- [About this task] Would you transcribe the records below from the line with "486810601_9188108747967342_7743119135545900016_n" to the line with "michael fenton 0ZQ8vojHNuc unsplash", ends included, exactly and with nothing more, leaving the pictures out?

- [Records to process]
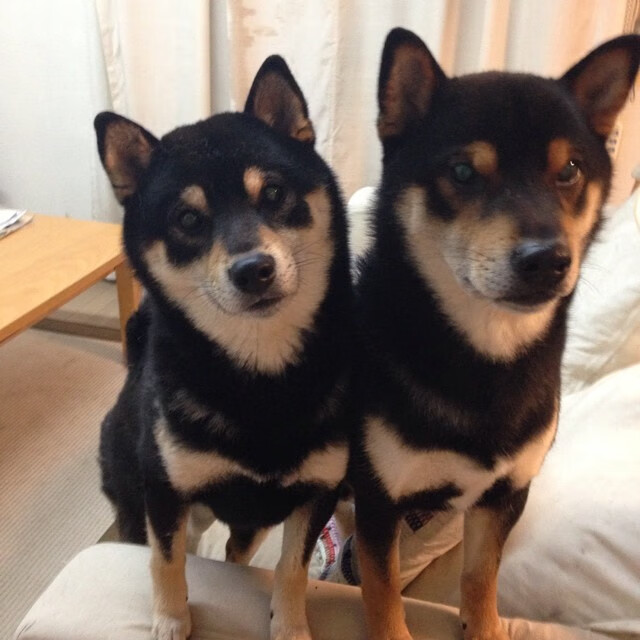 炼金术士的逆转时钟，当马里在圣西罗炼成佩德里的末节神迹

==

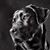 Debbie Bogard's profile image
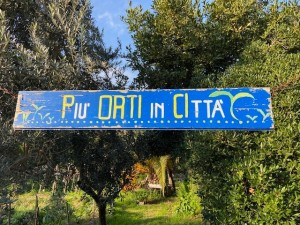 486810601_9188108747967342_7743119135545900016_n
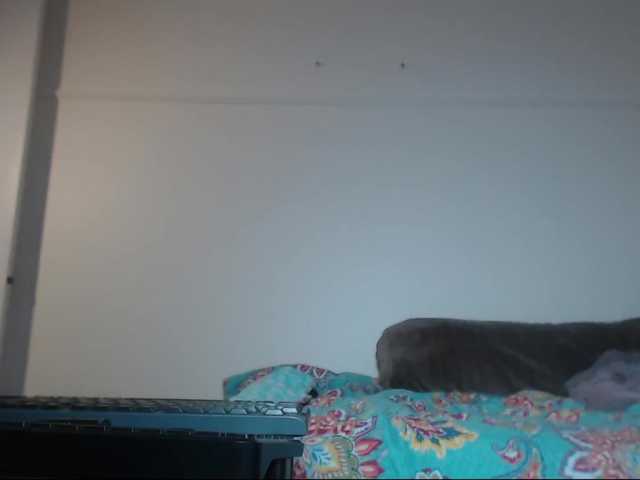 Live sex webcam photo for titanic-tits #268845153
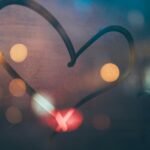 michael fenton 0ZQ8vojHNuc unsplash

- [Answer box]
 486810601_9188108747967342_7743119135545900016_n
 Live sex webcam photo for titanic-tits #268845153
 michael fenton 0ZQ8vojHNuc unsplash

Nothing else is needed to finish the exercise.